Resistance can not be measured directly. There is no balance scale that tips due to resistance. It is measured by knowing two other quantities, current and Voltage, and applying some math called Ohms Law. R = E/I.

So, in order to measure resistance, to whatever degree of accuracy you wish (coarse of very fine), you need to apply a Voltage to the resistance element you are trying to measure and then actually measure both the Voltage across it and the current through it. Sounds easy, but it isn't. At a coarse level, it is easy. Volt meter across the resistance and an Ampere meter in series and bing-bang, done.

But as you want finer resolution, problems crop up in that simple scenario. That Volt meter that is across the resistance also draws some current in order to operate. Since the two are in parallel, that current will be added to the current in the resistance you are trying to measure so the reading on your Ampere meter will be wrong by a small, but perhaps significant amount. So your resistance calculation is also wrong. AND the amount of error will vary as the resistance varies.

This is ONLY ONE REASON why it takes some complicated measures to produce the degree of accuracy that you are asking about.

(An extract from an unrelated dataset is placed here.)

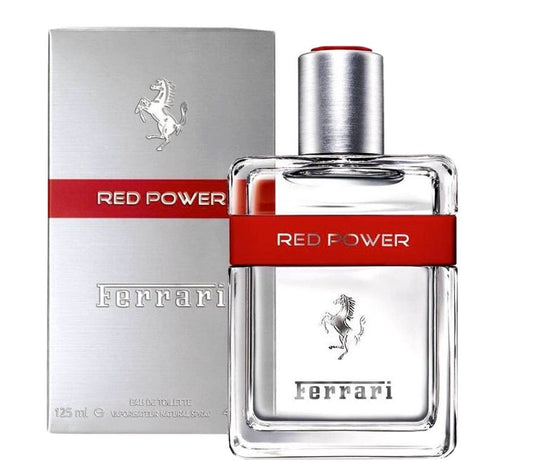 Ferrari Red Power 40 Ml Eau De Toilette Spray Profumo Uomo 1163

Other problems would include the temperature of all the components in your circuit, any short and long term aging, power supply variations, random noise pick-up from the environment, etc., etc., etc.

If you have an independent way of measuring the actual temperature at many points along the range you are interested in, you may be able to construct a simple circuit and just calibrate it. But even there, I think you are going to be disappointed in the accuracy of the device over a period of time.

Oh, and consider, according to sghioto's post you are working with a 38.4 Ohm change for a 100 degree C range. That neans you have 0.384 Ohms per degree and you say you want 0.01 degree accuracy. So, you need to measure the resistance to better than +/- 0.00384 Ohms. I think the very temperature of your wires is going to be a major concern. Perhaps you can rethink this?